Mountainside, New Jersey
March 31, 1998

MANAGEMENT'S DISCUSSION AND ANALYSIS OF FINANCIAL CONDITION
AND RESULTS OF OPERATIONS

Financial Condition

On September 12, 1996, the Company and Summit Bank, (the "Bank")
entered into a Loan and Security Agreement ("Term Note") for a
$300,000 renewable working capital line of credit expiring May 31,
1997. At April 23, 1997 the Term Note was renewed until May 31,
1998, and increased to the amount of $750,000. The Bank was granted
a security interest in substantially all the Company's assets. As
at December 31, 1997, the Company had borrowed $750,000 under the
Term Note. On November 5, 1997 the Bank notified the Company that
covenants under the Credit Agreement to maintain certain levels of
debt to tangible net worth and current assets to current
liabilities were not met on the Company's financial statements.
Payments of interest are being met in accordance with the terms of
the Note.
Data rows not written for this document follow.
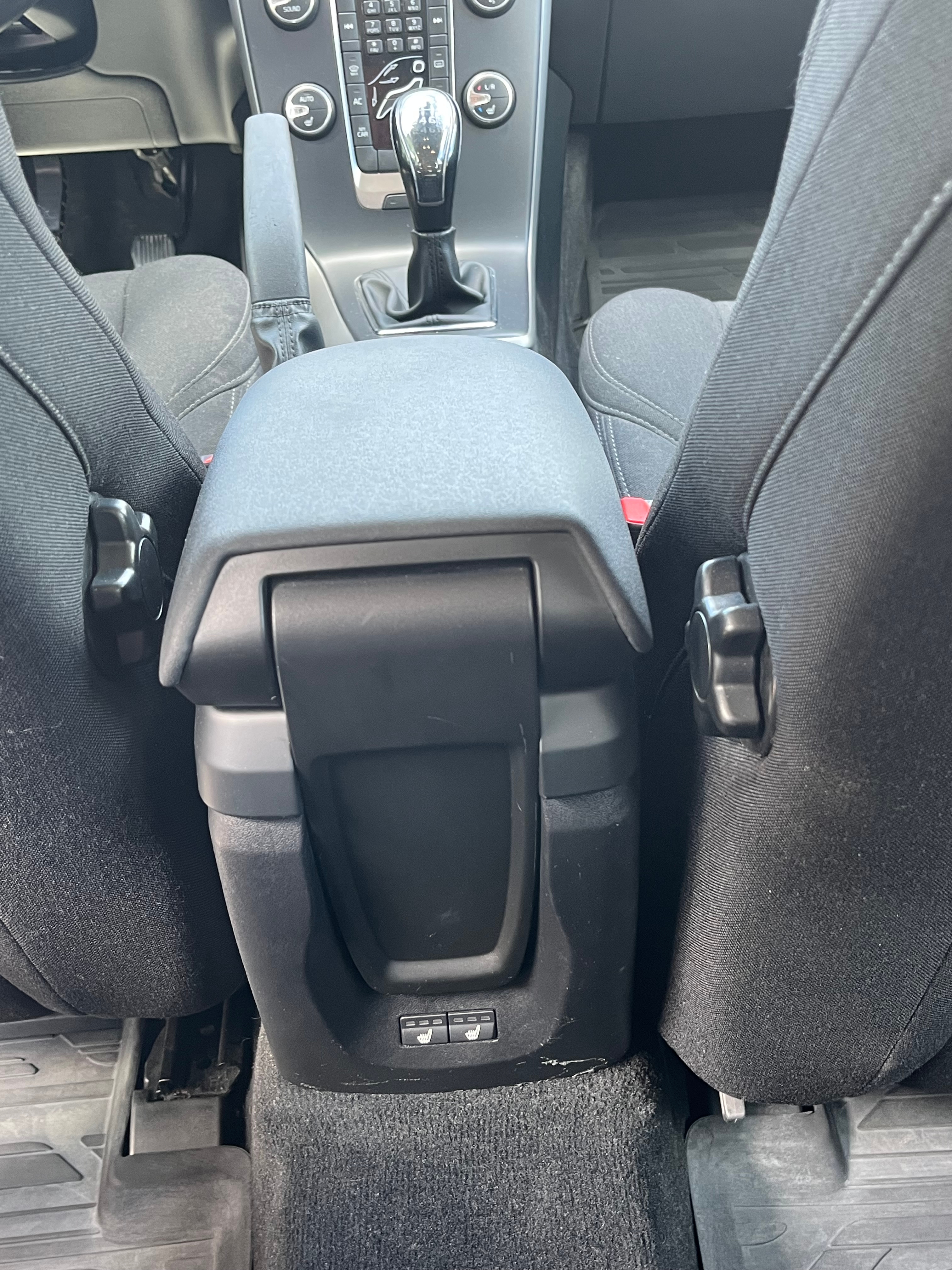 Volvo V40 D2 2017, bild 6/7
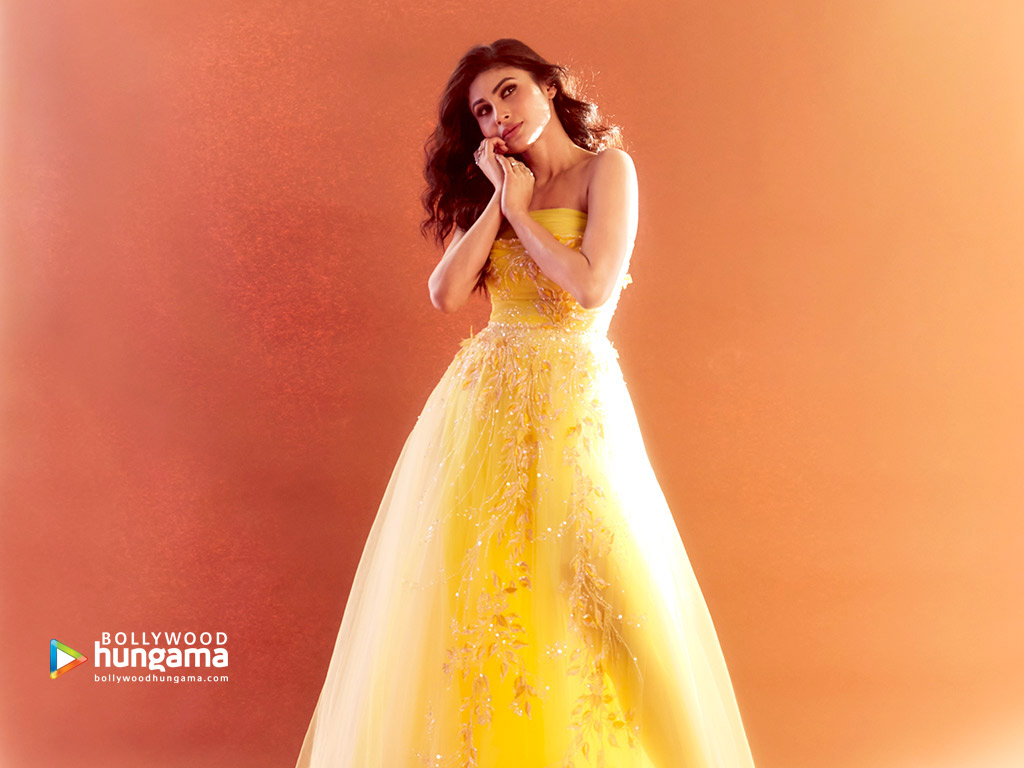 Mouni Roy Mouni Roy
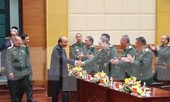 Thủ tướng Nguyễn Xuân Phúc: Tin tức tình báo đột phá về chất lượng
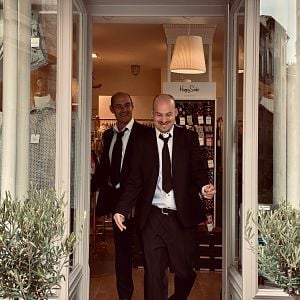 Foto Mentes Extraordinárias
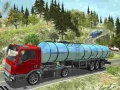 ເກມ Real Oil Tanker Simulator Mania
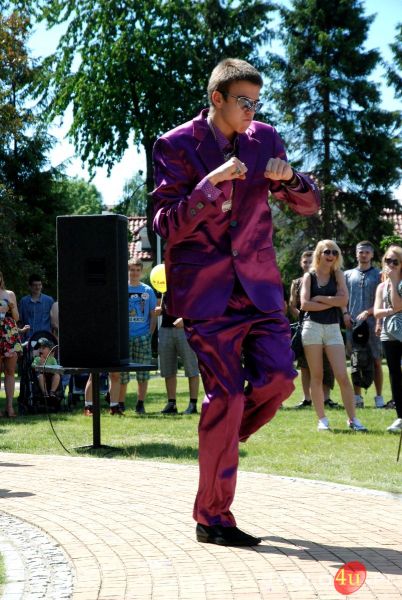 Żakinada 2013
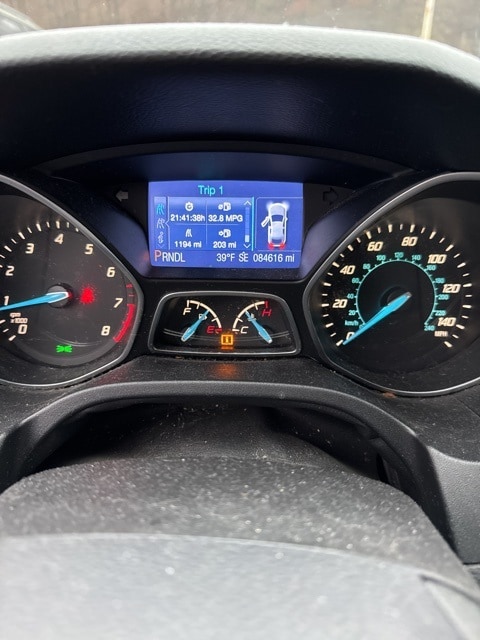 2013 Ford Focus SE -
                  Moon Township, PA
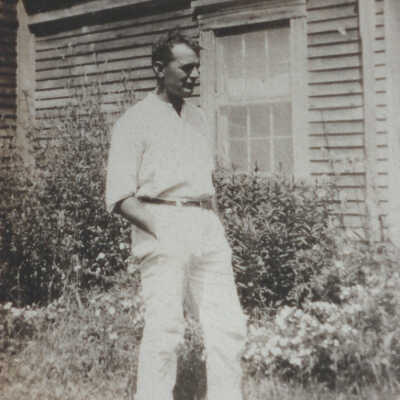 Henry Gale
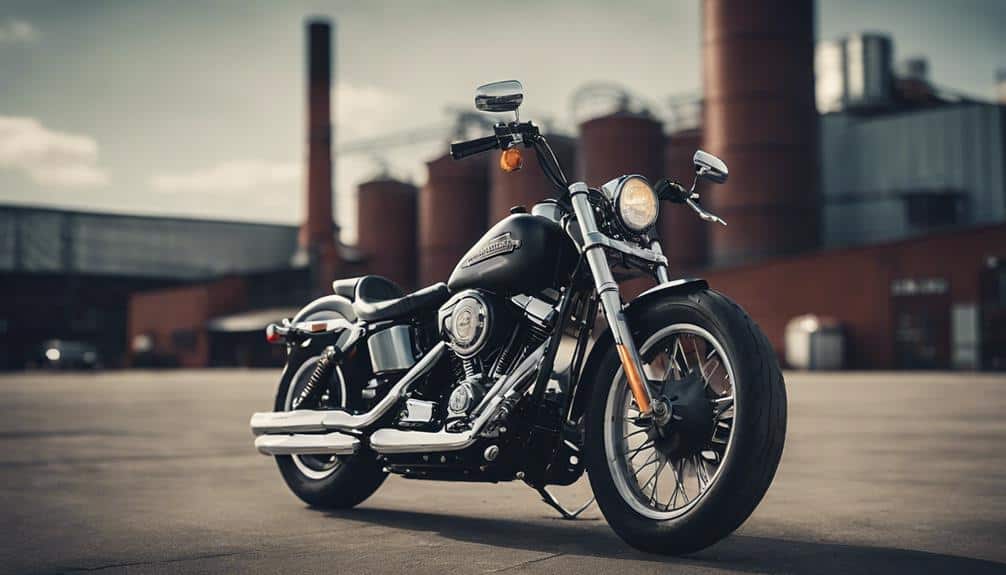 What Is Harley Davidson Factory Warranty | Iron Horse Rebels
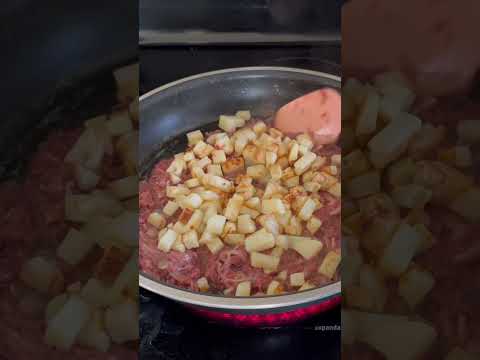 CORNSILOG FAVORITE PINOY BREAKFAST #shorts #food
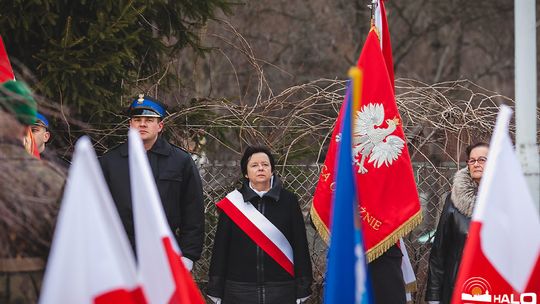 73. rocznica wyzwolenia Gorlic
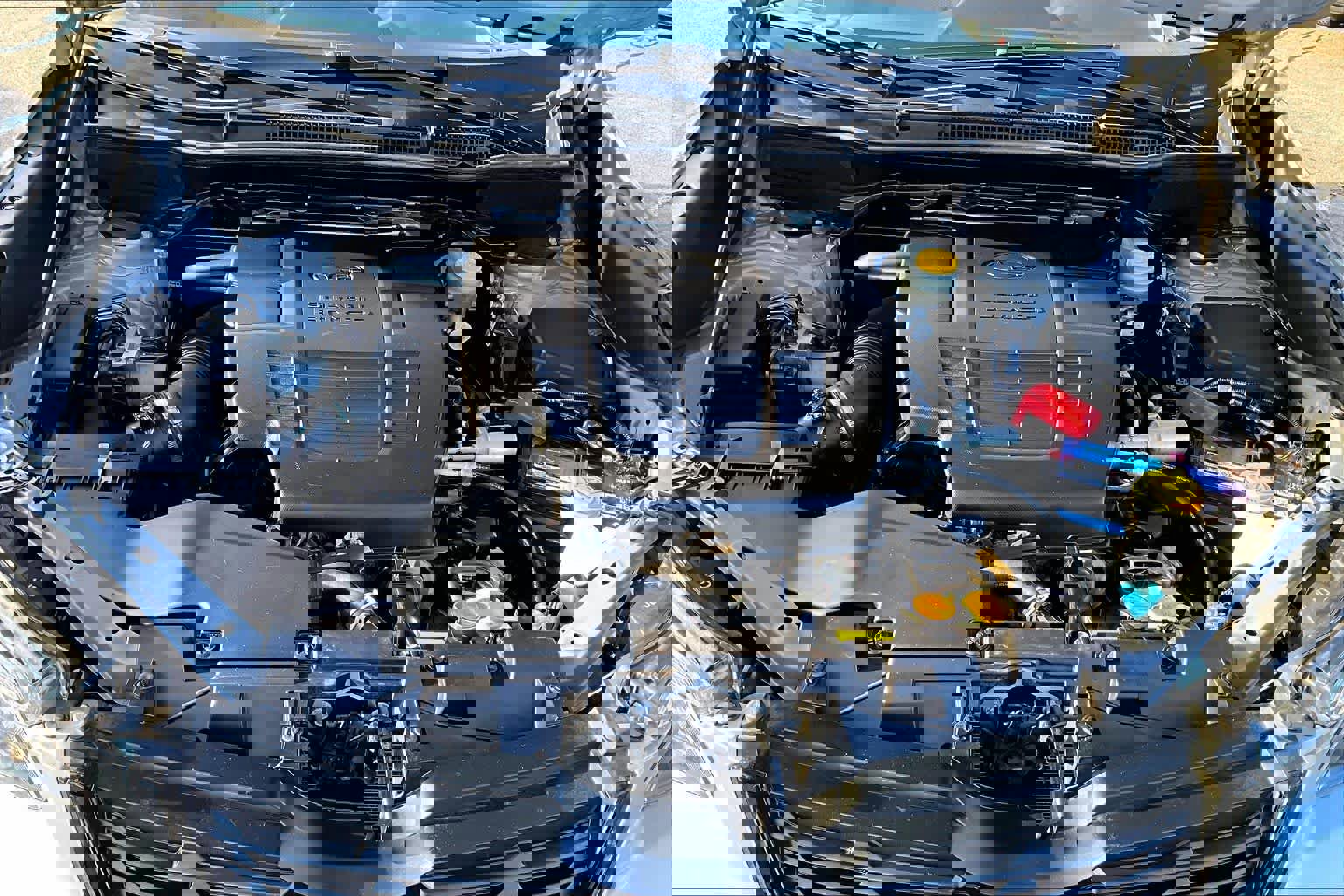 Used 2020 Subaru Forester Sport image 32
The Bank has not made a demand for the principal amount
of the Term Note. The Bank has made it known that it will not renew
the Term Note on May 31, 1998. The Company is actively pursuing
available alternate financing sources; however, there is no
assurance that alternate sources can be found. If the Term Note is
not replaced, this would have a material adverse effect that may
cause insolvency proceedings.

During 1997, the Company has not been able to generate a positive
cash flow from operations.

At December 31, 1997, the Company's cash and cash equivalents
totaled $47,000 as compared to $661,000 at December 31, 1996.
Contributing to the change in cash between years was cash used in
operating activities of $1,255,000 in 1997 and cash provided by
operating activities of $579,000 in 1996. The principal reason for
cash being used in operating activities in 1997 was the loss from
operations and paying of Accounts Payable. The principal reason for
cash being provided by operating activities in 1996 was the
prepayment of License Fees. (See Note 4 of the Notes to
Consolidated Financial Statements.)

During November 1996, the Company and the domestic Licensee agreed
to a prepayment of the remaining balance of the fees due under a
six-year License Agreement. In addition, the Licensee exercised its
option to purchase the "Tenney" trademark.(See Note 4 of the Notes
to Consolidated Financial Statements.)

The Company is engaged in one industry segment: the engineering,
marketing and manufacturing of diversified high-technology vacuum
systems for space simulation, optic coating and sputtering; and
provides service, refurbishing, upgrading, installation and sale or
rental of reconditioned test equipment.

The Company formerly had employees who were members of a union and
contributed to a multi-employer pension plan for such employees in
accordance with a collective bargaining agreement based on monthly
hours worked. Due to the cessation of manufacturing operations at
the Company's Union, New Jersey, facility (see Note 3 of the Notes
to Consolidated Financial Statements), the Company ceased being a
participant in the multi-employer pension plan in February 1993. 
Under the Multi-Employer Pension Plan Amendments Act of 1980, the
Company may, under certain circumstances, become subject to
liabilities in excess of contributions made under its collective
bargaining agreement.

During the fourth quarter of 1993, the Company received a demand
from the Sheet Metal Workers' National Pension Fund (the "Fund")
for payment of a withdrawal liability from its union employees'
multi-employer pension plan in the amount of $529,743, to be paid
in quarterly payments starting in January, 1994. The Company
engaged counsel to advise it in these matters and made a provision
for this amount in the 1993 Consolidated Financial Statements.  The
Company failed to make the first payment when due in January 1994. 
In December 1994, the Company received from the Fund a modified
calculation of the withdrawal liability in the amount of $502,665. 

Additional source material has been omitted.